Sacks a big priority for Birds

Posted: July 25, 2014

Chip Kelly is all about the process, all about being a little better today than yesterday, and is content to let the todays pile up and eventually become a tomorrow.

When Kelly talks about what he hopes the Eagles will accomplish in the training camp that begins as players report Friday and take the field Saturday, he usually says: "We just need to get better in all phases." Better today than yesterday and on and on.

Somewhere deep inside the NovaCare Complex, however, inside the offices where Kelly and his staff and general manager Howie Roseman have plotted the course and prioritized the weaknesses that must be improved, the answers are a little more specific.

One area that has to be addressed, and it must be addressed on both sides of the ball, is the Eagles' ability to sack the opposing quarterback and to keep their own quarterback from being sacked. The team wasn't very good at either of those in 2013. It ranked 26th in sacks allowed per pass play on offense and 31st in sacks per pass play on defense.
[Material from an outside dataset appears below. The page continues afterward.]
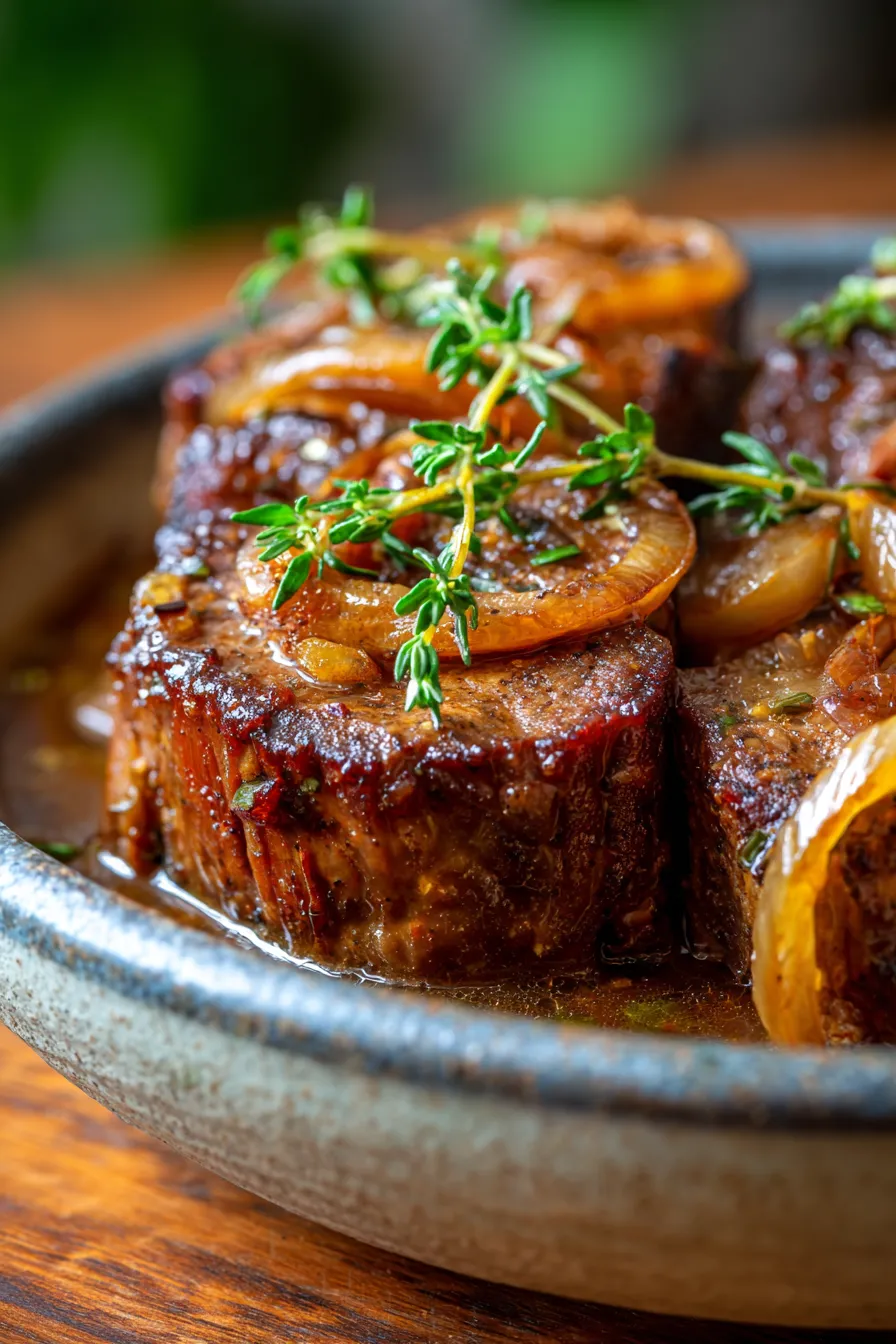 Slow Cooker French Onion Pot Roast - tender meat - caramelized onions - savory gravy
From the defensive perspective, that was one reason the Eagles targeted - and reached for - outside linebacker Marcus Smith in the first round of the draft and added two defensive linemen in the later rounds.

From an offensive perspective, that's why it wasn't good news to learn that right tackle Lane Johnson was popped for violating the NFL's performance-enhancing-drug policy and will miss the first four games of the season.

If the Eagles are going to improve in Kelly's second season, there is definitely a lot of room for that improvement, as the coach says. But keeping Nick Foles clean while getting ahold of the other guy's quarterback is vital to continued success.

"I think we're going to focus on pass protection and try to tighten things up," guard Todd Herremans said. "There were a couple of different factors that went into the 46 sacks, but not everyone sees all of that. We play offensive football, so when we get sacked, the whole offense gets sacked."

The Eagles did a slightly better job of preventing sacks with Foles at quarterback in 2013 than when Michael Vick was in the game. Vick tended to hold the ball longer while Foles was more apt to dump the ball off when trouble arose. Some of that was balanced out by the fact that Vick could elude rushers more easily than Foles, but Vick still absorbed 33 percent of the season's sacks despite throwing only 28 percent of the passes.

Nevertheless, the most costly sack of the year took place when Foles suffered a concussion against the Cowboys that forced him to leave the game and miss the next game as well. The correlation between allowing sacks and winning was obvious for the Eagles last season. Twenty-two of the sacks, nearly half, occurred in the team's six regular-season losses, and 24 in the 10 wins.

The advantage was just as pronounced on the defensive side, where the Eagles couldn't get consistent pressure and finished the season ranked 32d in net passing yards allowed per game.

"Our pass rush has to get better. Dead last, it goes without saying, but it's all facets - the pass rush, the blitz, the play-calling, the coverages," defensive coordinator Bill Davis said. "Our defense wasn't great last season, by any statistical category, but if we can start this season the way we finished last season, we'll keep climbing."

Having Smith join Connor Barwin, Trent Cole, and Brandon Graham at the outside linebacker position should help. At least, that's why he was drafted.

"He's got speed coming off the edge," Kelly said of Smith. "We thought having a pass rusher was a big thing for us."

There were the predictable transition pains for the defense as it switched to a 3-4 base alignment and a steep learning curve for players such as Cole, who went from end to linebacker, and Fletcher Cox and Cedric Thornton, who went from tackle to end. Add the inability of Isaac Sopoaga to clog the middle at nose tackle and the tall order given his replacement, rookie Bennie Logan, and those pains were apparent.

"Pass rushing in the 3-4 is an interesting component," said defensive line coach Jerry Azzinaro. "There are a lot of parts to it. What picture do you present? Who's the fourth rusher? When is there going to be a fourth rusher? How is the offense working against you?"

It is a game of deception, and sometimes a 3-4 defense has to be judged differently. But when it is third down and a passing situation, all NFL defenses have four pass rushers with their hands in the dirt. Opponents converted 40.3 percent of their third-down opportunities against the Eagles in 2013, which ranked them 24th in the league. It wasn't all about not being able to pressure the quarterback, but a lot of it was.

So, as training camp opens and the coach says the team needs to improve everything, remember that some parts of the everything are more pressing than others. And put sacks near the top of that list.

"Everybody wants it to be a revolution, but it's an evolution," Azzinaro said.

Little by little, practice by practice, day by day.